Segment Start: Record set

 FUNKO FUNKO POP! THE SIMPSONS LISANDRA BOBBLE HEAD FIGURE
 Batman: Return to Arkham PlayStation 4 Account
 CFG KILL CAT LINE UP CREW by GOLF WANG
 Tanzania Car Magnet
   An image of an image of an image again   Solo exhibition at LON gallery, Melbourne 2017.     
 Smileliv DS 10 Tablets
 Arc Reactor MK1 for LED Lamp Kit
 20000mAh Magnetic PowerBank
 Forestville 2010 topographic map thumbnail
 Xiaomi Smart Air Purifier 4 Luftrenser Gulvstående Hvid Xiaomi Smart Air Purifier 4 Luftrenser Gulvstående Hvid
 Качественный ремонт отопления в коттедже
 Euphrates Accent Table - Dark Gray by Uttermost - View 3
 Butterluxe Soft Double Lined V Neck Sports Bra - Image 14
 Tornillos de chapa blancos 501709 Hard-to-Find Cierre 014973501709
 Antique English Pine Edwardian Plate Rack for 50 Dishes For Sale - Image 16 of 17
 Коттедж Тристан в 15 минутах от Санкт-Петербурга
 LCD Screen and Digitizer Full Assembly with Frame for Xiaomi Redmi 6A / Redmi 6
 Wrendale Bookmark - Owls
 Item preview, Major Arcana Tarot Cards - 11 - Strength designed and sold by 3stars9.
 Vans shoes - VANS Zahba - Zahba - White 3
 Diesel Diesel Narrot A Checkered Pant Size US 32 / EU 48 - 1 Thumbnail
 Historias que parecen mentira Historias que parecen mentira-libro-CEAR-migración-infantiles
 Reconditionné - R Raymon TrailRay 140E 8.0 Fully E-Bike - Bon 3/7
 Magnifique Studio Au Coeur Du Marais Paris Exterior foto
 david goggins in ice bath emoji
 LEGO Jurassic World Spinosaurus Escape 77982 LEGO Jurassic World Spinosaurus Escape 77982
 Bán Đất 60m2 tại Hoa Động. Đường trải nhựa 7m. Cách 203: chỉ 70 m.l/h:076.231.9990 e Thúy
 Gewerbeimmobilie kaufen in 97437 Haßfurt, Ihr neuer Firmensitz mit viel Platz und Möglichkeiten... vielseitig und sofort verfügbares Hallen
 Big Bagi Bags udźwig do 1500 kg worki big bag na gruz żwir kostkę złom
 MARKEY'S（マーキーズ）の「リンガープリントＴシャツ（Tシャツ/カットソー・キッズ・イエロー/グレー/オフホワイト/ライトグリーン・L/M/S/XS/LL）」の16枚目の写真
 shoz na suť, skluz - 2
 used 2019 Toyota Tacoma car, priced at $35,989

Segment End: Record set

=== Task item ===
Search the entries for "Xiaomi" and copy each matching line.

=== Reply to the exercise ===
 Xiaomi Smart Air Purifier 4 Luftrenser Gulvstående Hvid Xiaomi Smart Air Purifier 4 Luftrenser Gulvstående Hvid
 LCD Screen and Digitizer Full Assembly with Frame for Xiaomi Redmi 6A / Redmi 6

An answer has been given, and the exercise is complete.